Skripal was sentenced to 13 years in jail for spying for Britain in Russia in August 2006 after being convicted of “high treason in the form of espionage”.
Russian prosecutors said he had been paid $100,000 by MI6 for information, which he had been supplying since the 1990s when he was a serving officer. The FSB, Russia’s security agency, said the information passed to MI6 by Skripal constituted state secrets.
Skripal served in Russia’s GRU military intelligence until 1999, reaching the rank of colonel. He then worked at the Russian foreign ministry’s office in Moscow until 2003, when he went into business.
“You outplayed me,” Skripal reportedly told FSB agents after his arrest. An FSB spokesperson compared Skripal to Colonel Oleg Penkovsky, who was executed by the Soviet Union in 1963 for supplying the United States with information during the Cuban missile crisis.
In July 2010, the then Russian president, Dmitry Medvedev, pardoned Skripal and the former colonel was one of four spies exchanged for 10 deep cover “sleeper” agents planted in the US by Moscow.

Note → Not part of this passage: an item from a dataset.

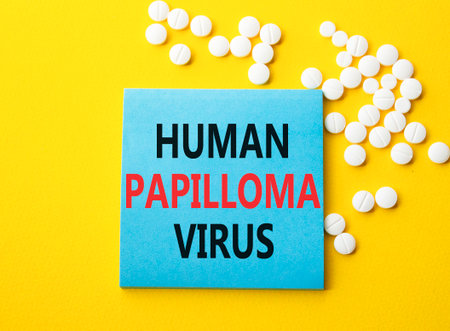 Human Papilloma Virus symbol. Concept word Human Papilloma Virus on blue note. Beautiful yellow background with pills. Medicine and Human Papilloma Virus concept. Copy spaceの写真素材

He and another Russian were flown to the UK after the exchange and were debriefed by MI5 and MI6 officers. At the time, Skripal was considered the more important of the two spies brought to Britain. It was assumed that Skripal had since been given a new identity, a home and a pension.
The two Russians who went to the US were Alexander Zaporozhsky, a KGB colonel whose information unmasked traitors inside the CIA and FBI, and Gennady Vasilenko, a former KGB officer.